Kosten für den Gast für die 32-Tage-Reise: zwischen 25- und 155.000 Dollar. Das Interessante an diesem Angebot: Dass die Nordwestpassage überhaupt von einem Kreuzfahrtschiff zu befahren ist, liegt – am Klimawandel. „Das schmelzende Eis“, sagt Rieger, „macht es möglich, in entlegenste Gebiete vorzustoßen.“ Und dort trifft man dann unter Umständen einen Eisbären. Wenn man, was durchaus vorkommt, dem Touri-Erlebnis derart frönt, dass man auf der nächsten großen Eisscholle mit Mini-Boot anlandet und dort schon ein Buffet für die Besucher aufgebaut ist, dann kann ein hungriges Tier das durchaus als Einladung verstehen.
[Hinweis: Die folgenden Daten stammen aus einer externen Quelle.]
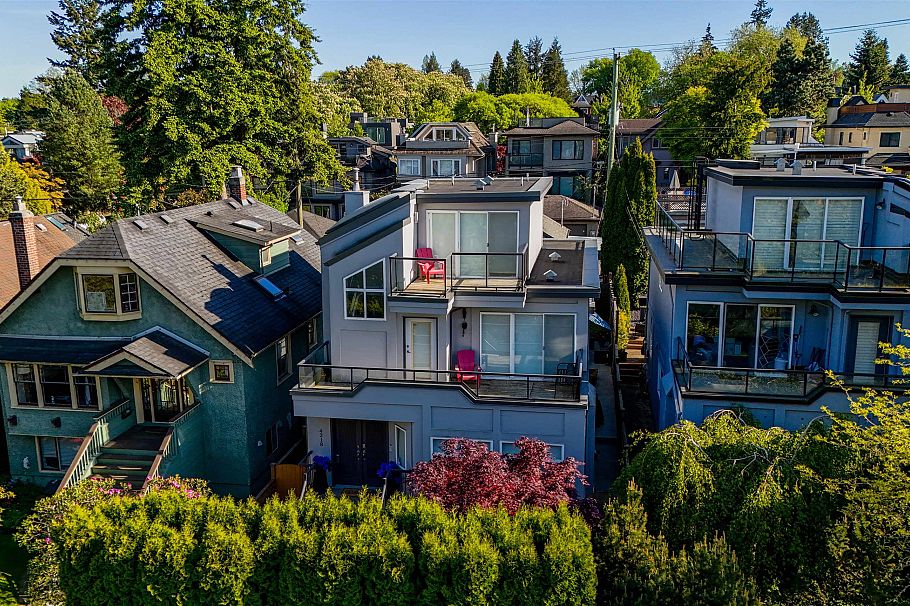 4218 W 10th Avenue Vancouver, BC - 29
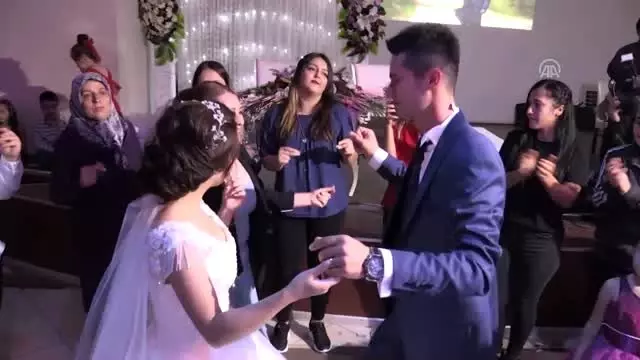 Japon geline Türk düğünü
Was passiert jetzt mit dem Fall Hapag-Lloyd Cruises? „Das Töten des Eisbären muss eine Konsequenz haben“, sagt Rieger. „Schließlich: Es ist ja nicht so, dass da ein Forscher auf dem Weg zu seiner Station angefallen wurde. Das ist ein Fall, den man vermeiden kann – indem man das sensible Ökosystem Arktis gar nicht erst für diese Art von Tourismus öffnet.“

Polizei stellt Fall anders da

Die norwegische Polizei sieht den Fall anders: Ein Polizeisprecher erklärte am Montag, zwei Mitglieder der Schiffsbesatzung hätten zunächst versucht, den Eisbären mit Rufen, lauten Geräuschen und einer Signalpistole abzuwehren. Dies habe aber nichts gebracht.

Rieger indessen sieht die Kreuzfahrtbranche gefordert: „Ich erwarte, dass sich die Branche spätestens jetzt mit den Auswirkungen ihres Handels auseinandersetzt und sich einen Ethikkatalog gibt, der klar regelt, was erlaubt ist und was nicht – ein Landgang in Eisbärengebiet gehört dann eben nicht dazu.“ Außerdem müsse alles technisch Mögliche unternommen werden, um die Umweltauswirkungen so stark wie möglich zu begrenzen. „Dazu“, so Rieger, „gehören auch der Verzicht auf Schweröl und der Einsatz von Abgasreinigung.“ Ein Einsatz, der bislang ebenso wenig verpflichtend ist wie der Respekt vor unberührter Natur.